▶ Assignment: No pictures belong in the copy. Retype exactly, and only, the stretch of lines below from the one with "a view of an empty room with kitchen" through the one with "Fun family/ living".

===== Given records =====

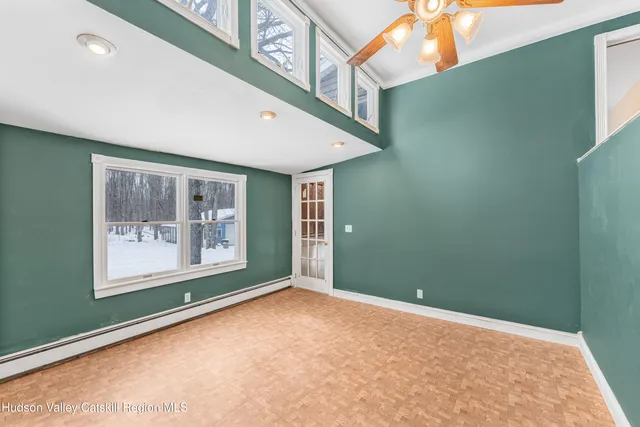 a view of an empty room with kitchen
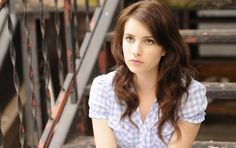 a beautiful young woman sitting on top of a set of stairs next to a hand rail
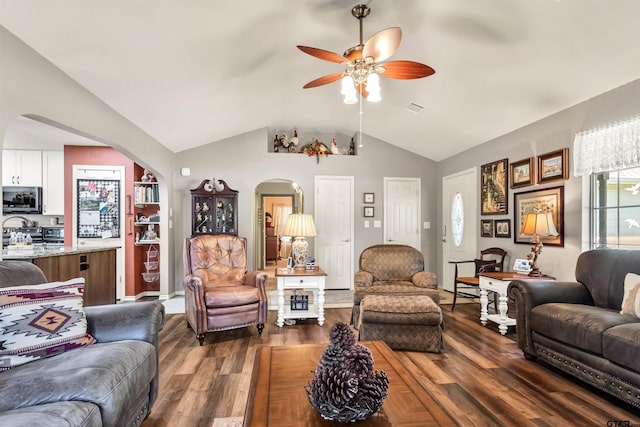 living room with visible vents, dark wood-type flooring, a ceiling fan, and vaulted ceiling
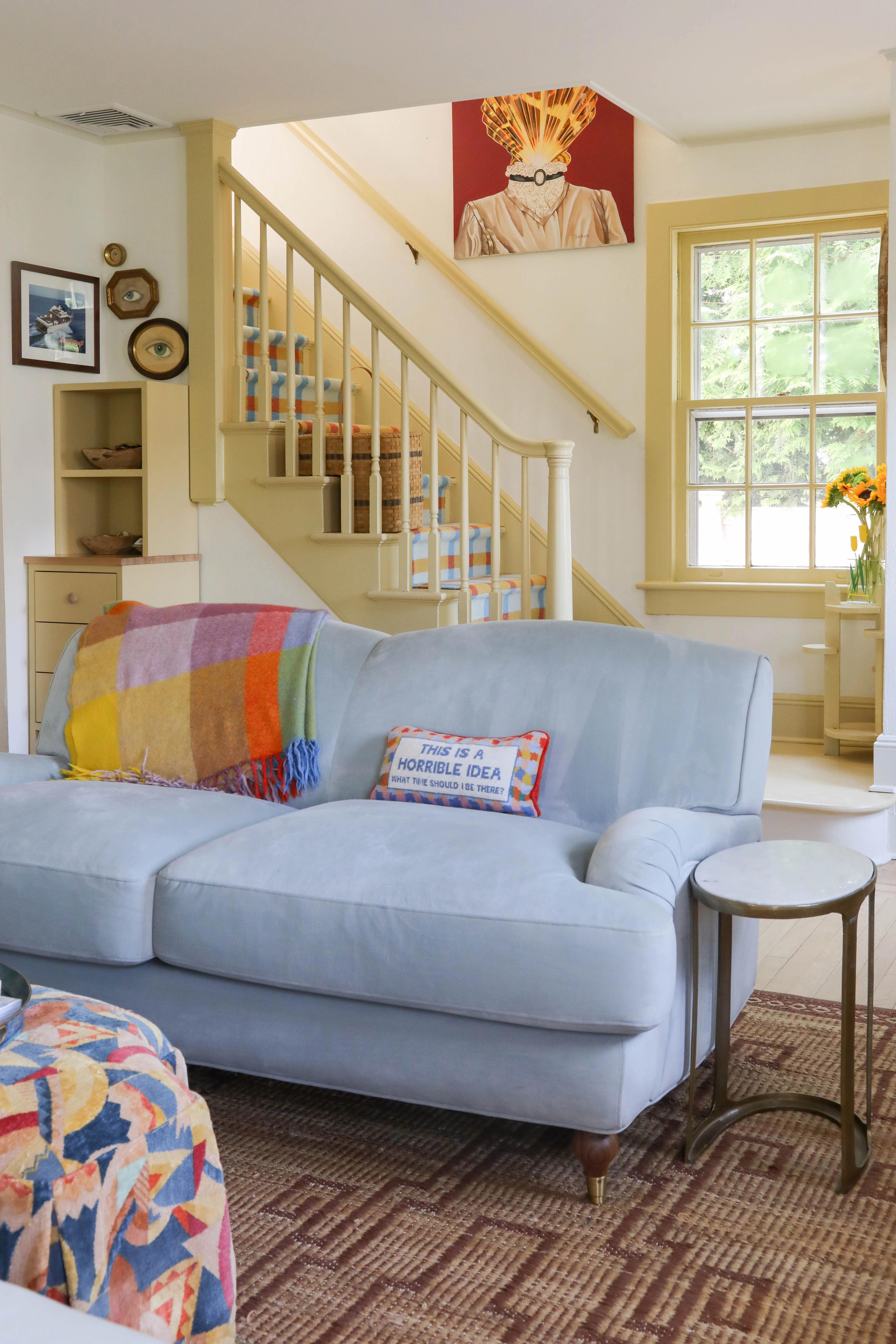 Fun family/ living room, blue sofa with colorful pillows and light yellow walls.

=====
===== Given records =====

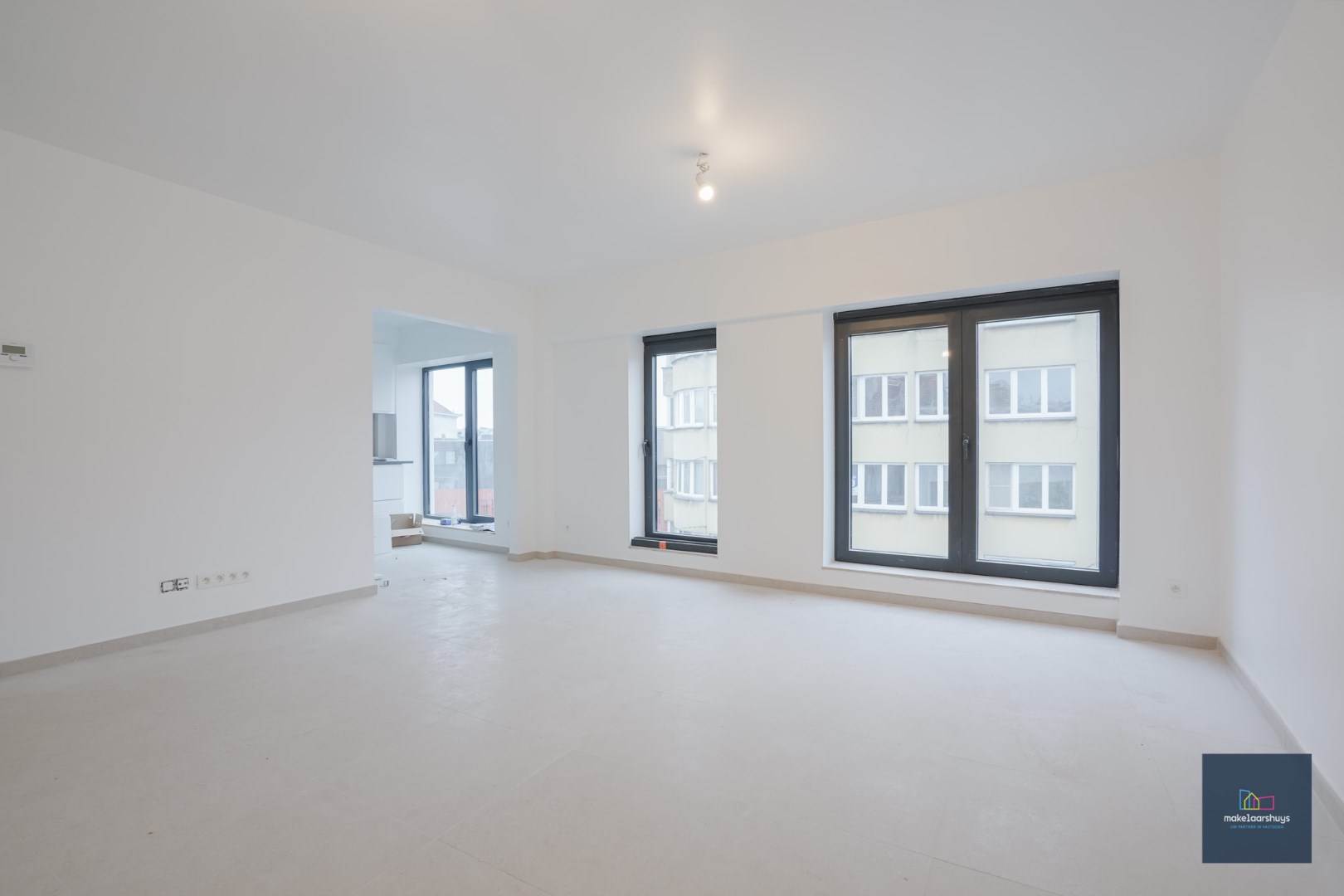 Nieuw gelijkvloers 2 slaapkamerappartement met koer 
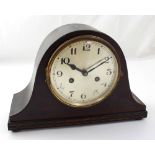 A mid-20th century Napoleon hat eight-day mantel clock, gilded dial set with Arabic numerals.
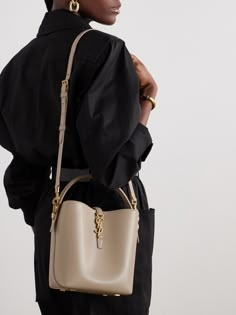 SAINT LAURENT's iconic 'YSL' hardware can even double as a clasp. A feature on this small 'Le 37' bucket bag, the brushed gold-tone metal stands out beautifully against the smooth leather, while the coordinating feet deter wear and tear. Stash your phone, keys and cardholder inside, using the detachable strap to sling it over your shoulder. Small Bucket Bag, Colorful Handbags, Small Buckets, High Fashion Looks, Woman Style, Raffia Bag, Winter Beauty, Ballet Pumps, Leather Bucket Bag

=====
===== Given records =====

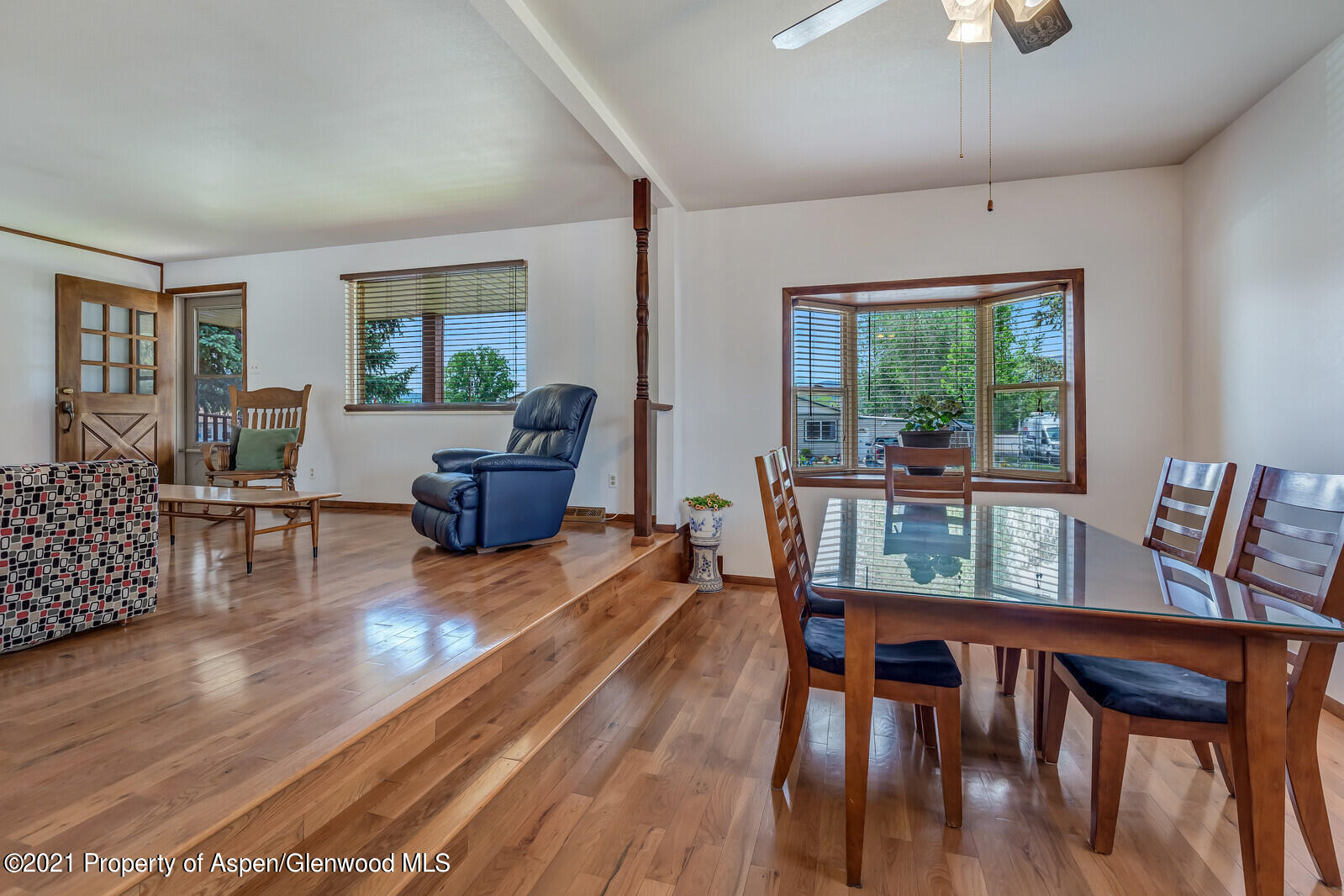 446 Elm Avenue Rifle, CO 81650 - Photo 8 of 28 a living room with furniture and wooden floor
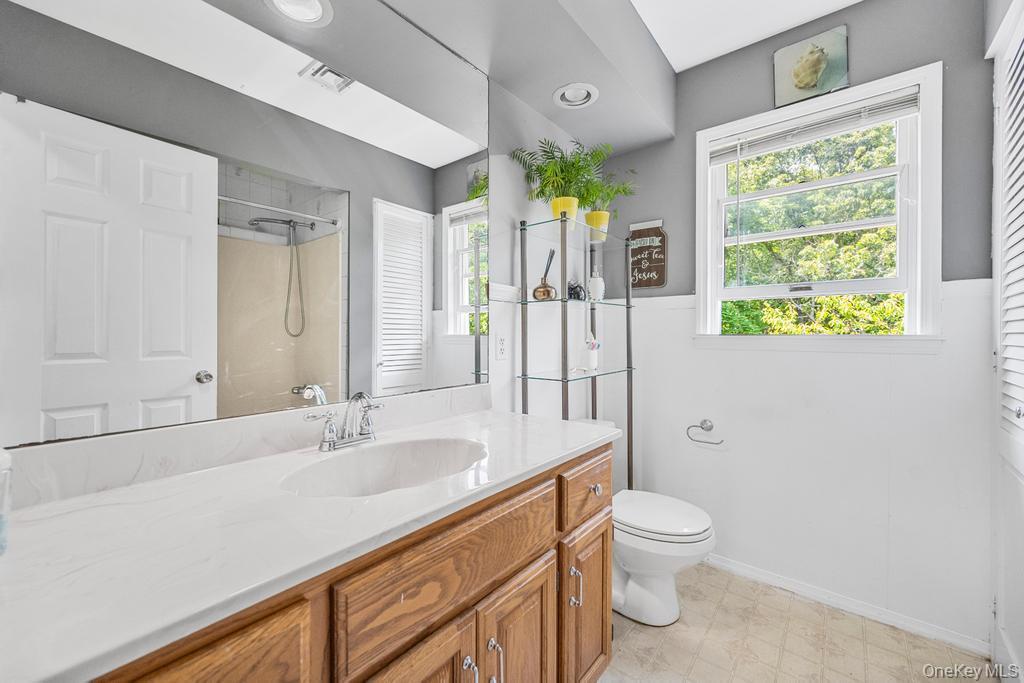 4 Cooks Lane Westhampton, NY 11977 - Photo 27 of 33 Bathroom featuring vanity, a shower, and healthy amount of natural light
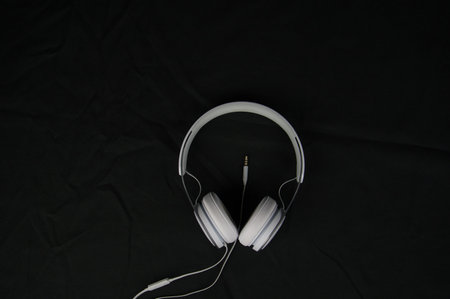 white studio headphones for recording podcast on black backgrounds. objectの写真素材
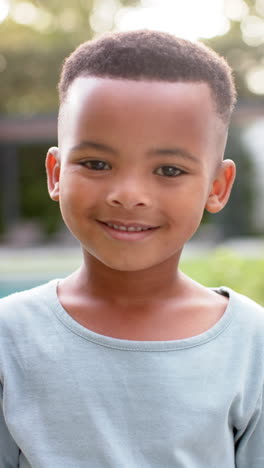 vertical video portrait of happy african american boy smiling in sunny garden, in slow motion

=====

▶ Exercise response:
 a view of an empty room with kitchen
 a beautiful young woman sitting on top of a set of stairs next to a hand rail
 living room with visible vents, dark wood-type flooring, a ceiling fan, and vaulted ceiling
 Fun family/ living room, blue sofa with colorful pillows and light yellow walls.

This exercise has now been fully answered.